• EXERCISE PROMPT
When you reach the line containing "El Castell de", begin reproducing the material exactly, stop after the line containing "706 W Wrights Avenue Comanche, TX 76442", and leave out any pictures along the way.

• PROVIDED DATA
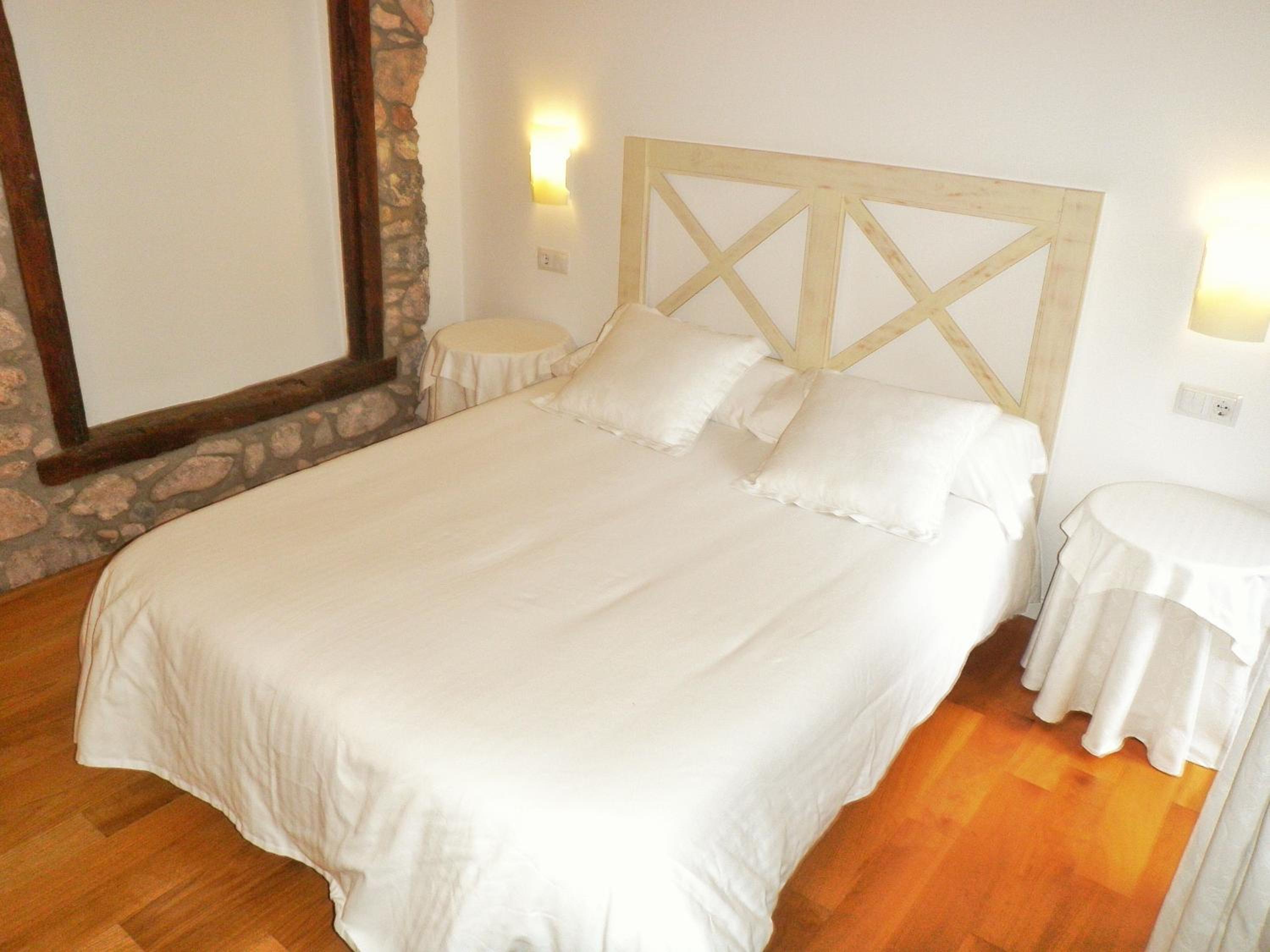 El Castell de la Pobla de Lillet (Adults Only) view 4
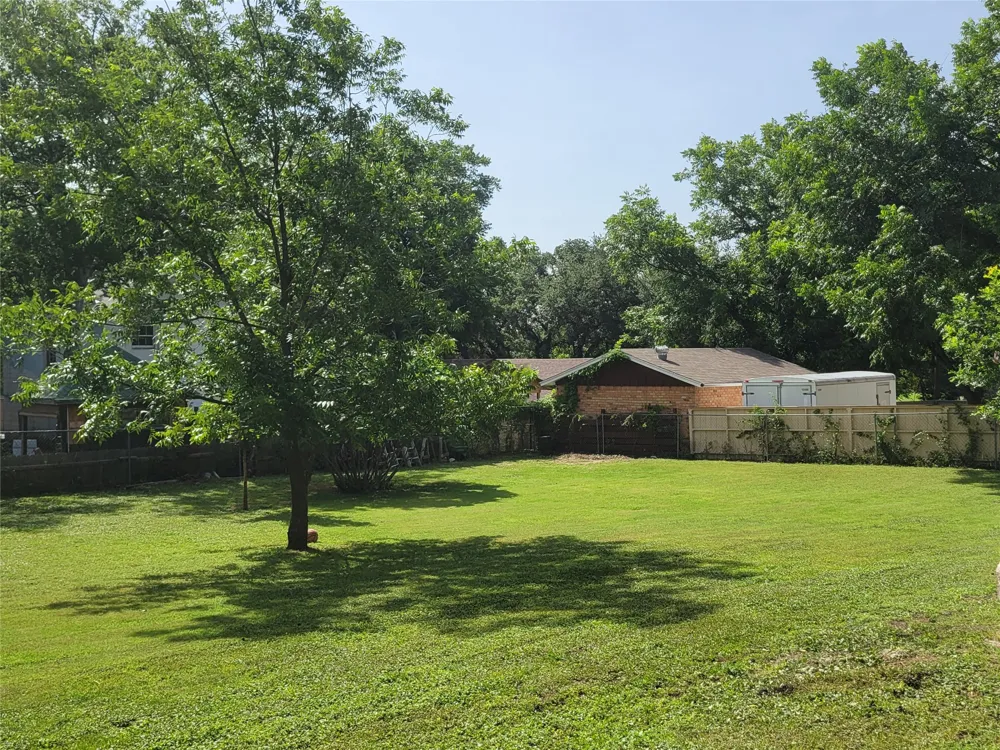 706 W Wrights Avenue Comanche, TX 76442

==

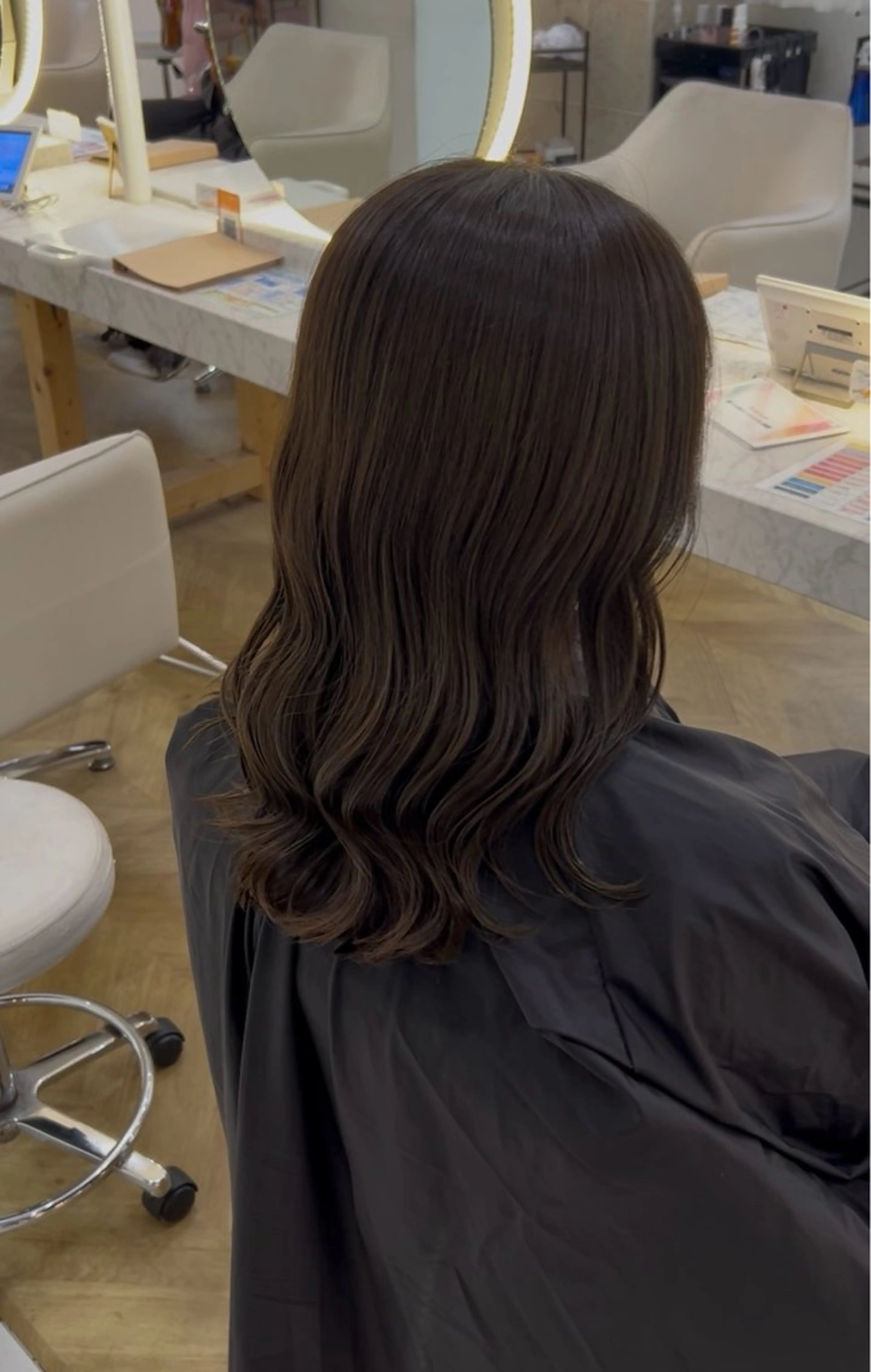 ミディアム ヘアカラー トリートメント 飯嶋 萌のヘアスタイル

• SOLVED EXERCISE
 El Castell de la Pobla de Lillet (Adults Only) view 4
 706 W Wrights Avenue Comanche, TX 76442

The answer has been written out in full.